All I want is to not have any credit card debt

Marriage is hard, but as long as she doesn’t cheat on me, that’s good enough

Not everyone does what they love, I want good benefits and a company with growth

I will never look as good as they do, I just want to lose ten pounds

There is nothing wrong with stability and consistency, but there is an issue with the lack of creativity, expansion and belief that we can stretch past that if you want to go from an ordinary life to an extraordinary one. This is where we smack straight into worry, anxiety and fear. Realizing what your upper limits are — the stories you’ve told yourself about who you are, what you are worthy of, what is possible for you, is the first step. Once you begin poking and prodding at that glass ceiling of sorts, things can get awfully uncomfortable. The primitive mind roars awake in an all-out effort to protect you from the impending doom of stretching beyond your limits. Your internal parent says, “Can’t you be grateful for what you have? Why do you always have to push for more? Sit down and be thankful.” Pushing against that upper limit sounds like,

What would my life look like if I moved?

What if I was in the best shape of my life?

How would I feel if I loved myself? What if someone loved me the way I love?

Say if I had unlimited resources or time, what would I do?

What if I could succeed at what I am passionate about?

Our survival skills come in kindness, what our mind really wants is to keep us safe even if safety is the very thing that is slowly draining our life force. It means well, and it’s important to keep that at heart. In its last ditch attempts to lure you back to comfort it hits you with fear in some crippling and cruel ways. Your mind betrays you in essence, telling you that you are nothing, nobody, a farce, a fuckup and that what you want will be yanked away at the last minute, leaving you in the final free-fall of your limited life. Rude, right? It loves you, but it can be scathing in its efforts to keep you right where you are, between your established limits.

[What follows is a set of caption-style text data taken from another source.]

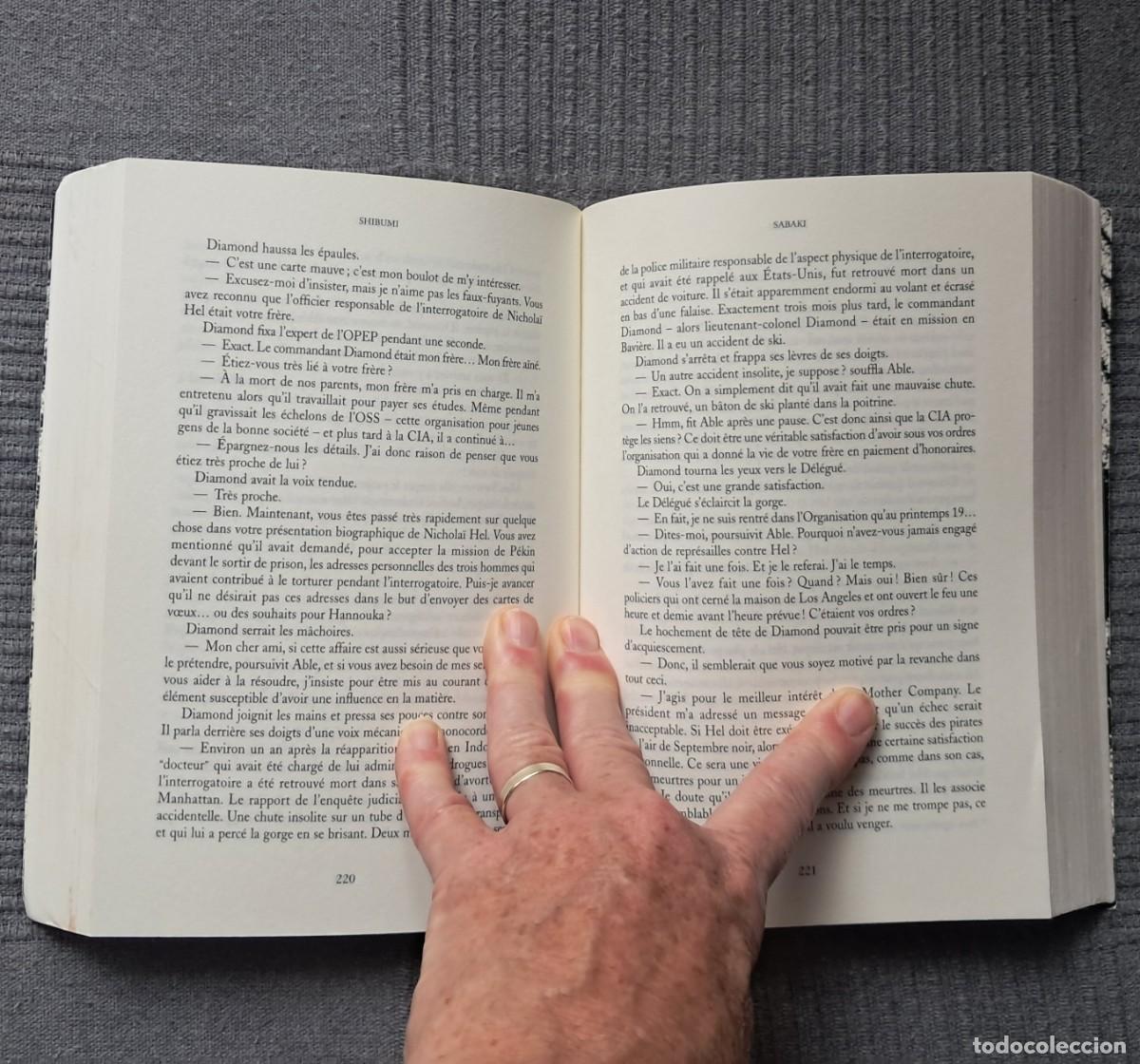 Libros de segunda mano: SHIBUMI - TREVANIAN - EN FRANC&Eacute;S - Foto 3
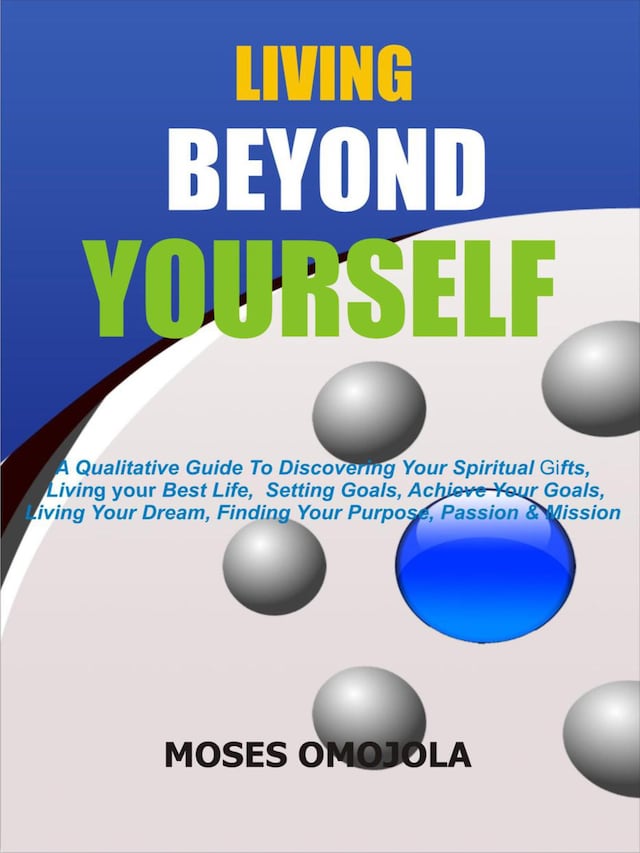 Couverture de livre pour Living beyond yourself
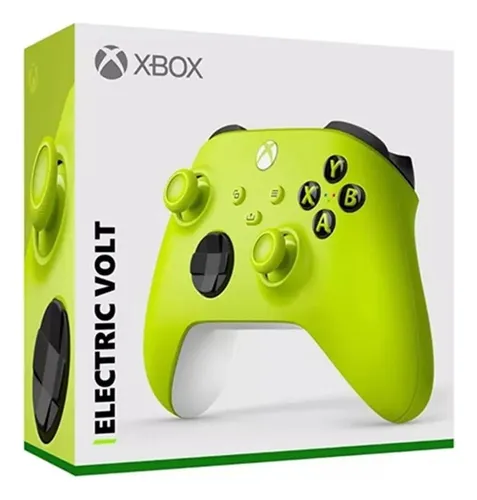 comprar Control Joystick Microsoft Xbox  Series X|s Electric Volt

Becoming aware of the mind’s efforts to “help” and “protect” allow us to explore beyond. We can look at the feelings of anxiety and excitement — the human experience of these two emotions is identical. Elevated heart rate, shortness of breath, extremely dilated or contracted pupils, increased body temperature, a fluttering sensation in the stomach, adrenaline prickling in the fingers. In fact, anxiety is a state of excitement, yet we often consider anxiety “bad” and excitement, “good”. Likewise we can see the similarities between worrying and wishing. Both are fantasizing about for something that hasn’t happened yet. When we worry we are projecting negative fantasies on our future based on current events. When we wish, we are imagining positive outcomes for upcoming choices. Instead of letting the primitive mind drag you back to the depths of its cave by the hair, try shifting language.

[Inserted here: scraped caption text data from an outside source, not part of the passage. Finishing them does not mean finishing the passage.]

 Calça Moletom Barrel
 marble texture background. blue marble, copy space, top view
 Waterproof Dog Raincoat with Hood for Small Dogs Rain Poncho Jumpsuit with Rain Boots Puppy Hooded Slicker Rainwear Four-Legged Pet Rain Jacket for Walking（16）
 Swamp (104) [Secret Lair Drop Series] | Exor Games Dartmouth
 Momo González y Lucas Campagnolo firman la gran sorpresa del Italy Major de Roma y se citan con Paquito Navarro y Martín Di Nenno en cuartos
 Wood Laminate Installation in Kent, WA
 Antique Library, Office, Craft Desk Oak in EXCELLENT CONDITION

“What if this works out better than I imagined?”

“What if it all goes right?”

“What if what I want happens sooner than I think? Am I ready now?”

“What if I have everything I need to become who I want to be?”

“What if they love me as I am?”

“What if I could get anything I wish for?”

The world of possibility that opens up once the upper limit is raised or removed (if that’s even possible), becomes akin to another dimension. No longer bound by self-imposed, cultural or societal restraints, you are free to develop and grow. What’s even more interesting is that there is a booming subculture of people who work to lower the bottom limit — increasing the tolerance to discomfort, pain, and endurance. They take ice baths and cold showers and fast for days and run hundreds of miles without sleep. It is seen as extreme and adventurous and courageous. Lower the bar! Increase the pain threshold! Stay hard! If you apply the pressure to both and move both of those limits outwards, the range of your human experience has multiplied massively. I ask of you, of myself, of all of us — can we dedicate the same care, time and attention to pushing the upper limit higher as well? To spend as much time fantasizing about the best possible outcome as we do worry about the worst case scenario? We are not here to pay bills and die, we are running out of years, if now is not the time to push upwards, then when? What if the possibility for it to all work out is right around the corner?